Provided data>
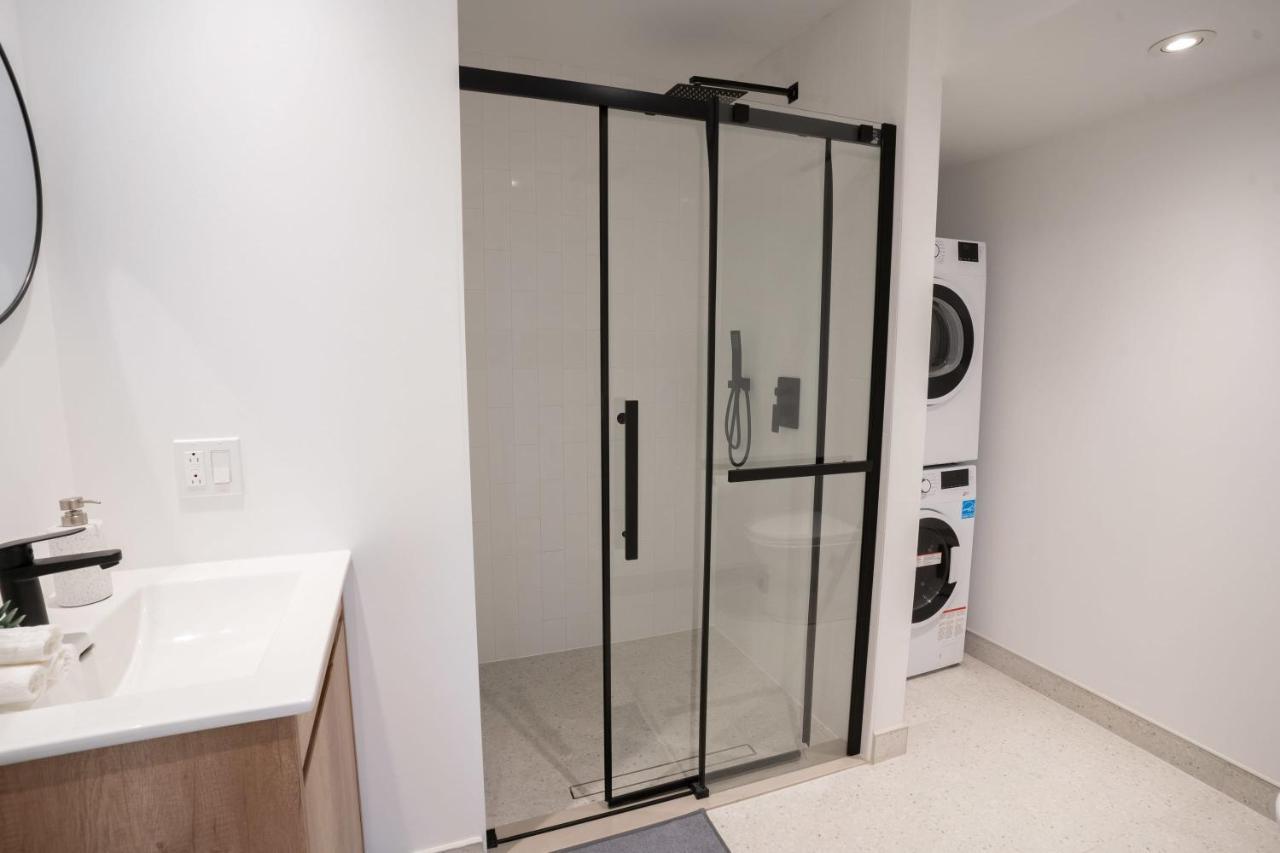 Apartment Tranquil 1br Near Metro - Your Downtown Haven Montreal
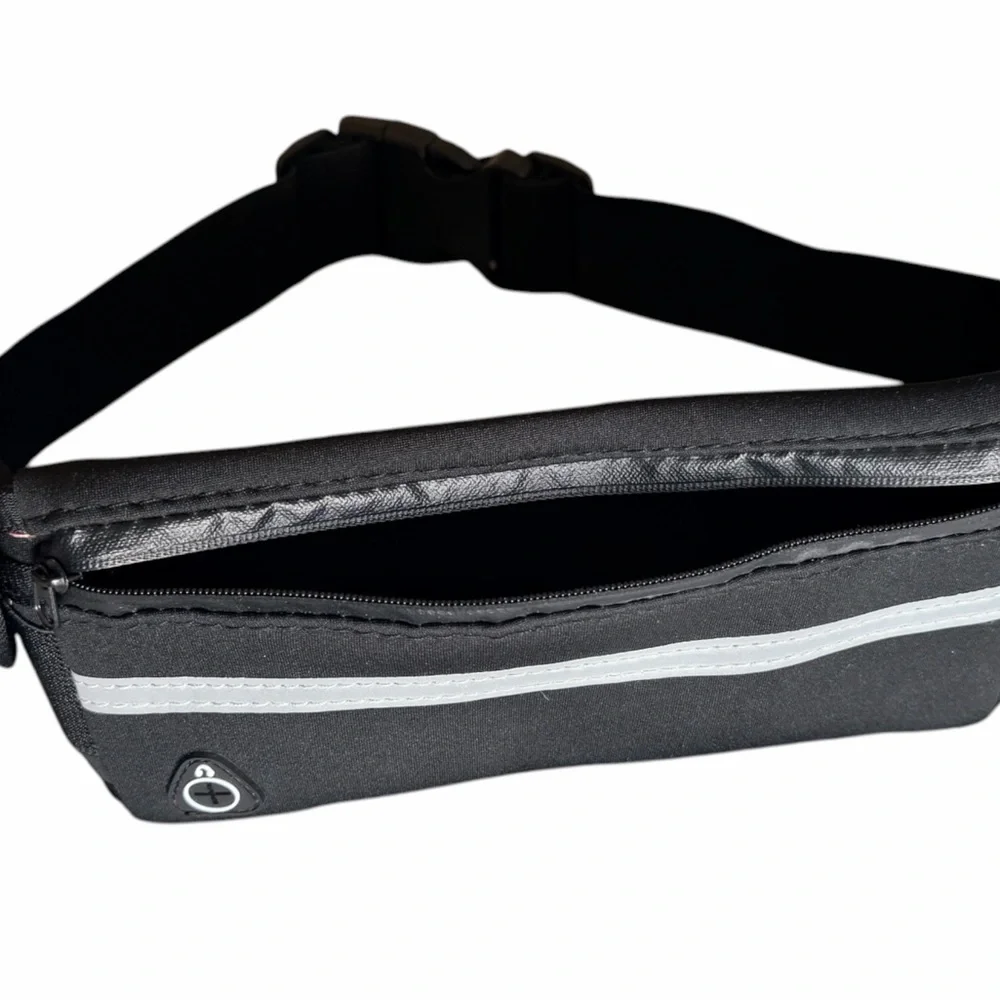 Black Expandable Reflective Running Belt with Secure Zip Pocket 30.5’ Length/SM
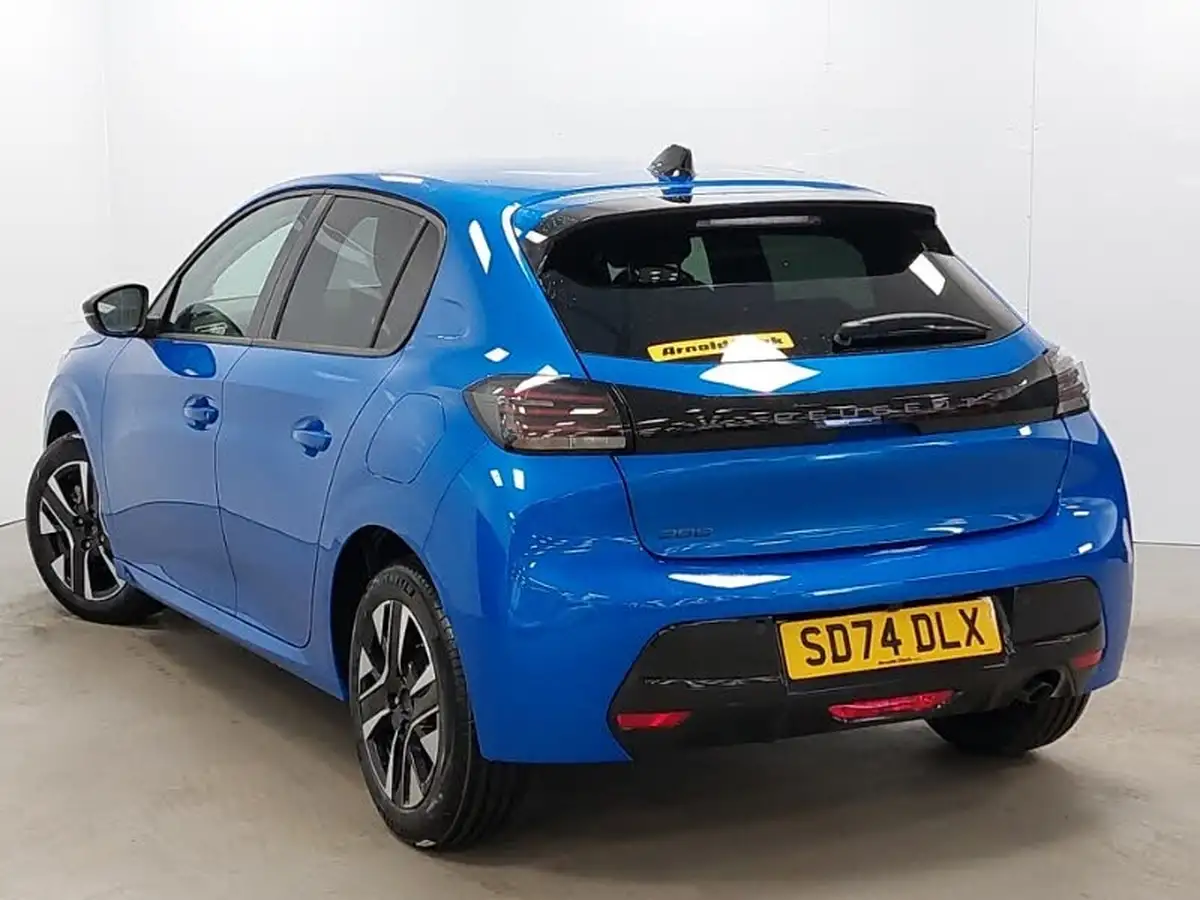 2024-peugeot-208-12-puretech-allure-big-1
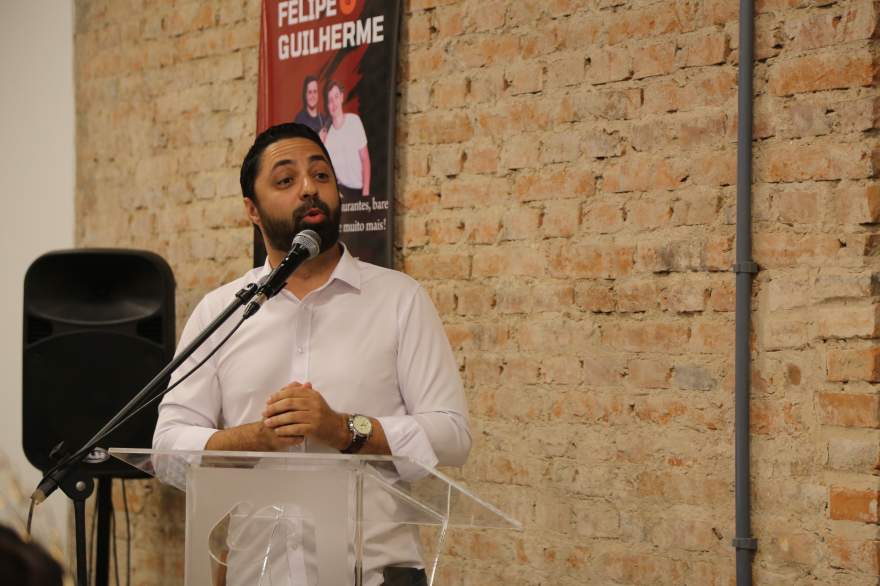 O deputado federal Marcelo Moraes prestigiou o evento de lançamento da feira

Goal of the exercise> Please return the full listing word for word, but without any pictures.

Exercise solution>
 Apartment Tranquil 1br Near Metro - Your Downtown Haven Montreal
 Black Expandable Reflective Running Belt with Secure Zip Pocket 30.5’ Length/SM
 2024-peugeot-208-12-puretech-allure-big-1
 O deputado federal Marcelo Moraes prestigiou o evento de lançamento da feira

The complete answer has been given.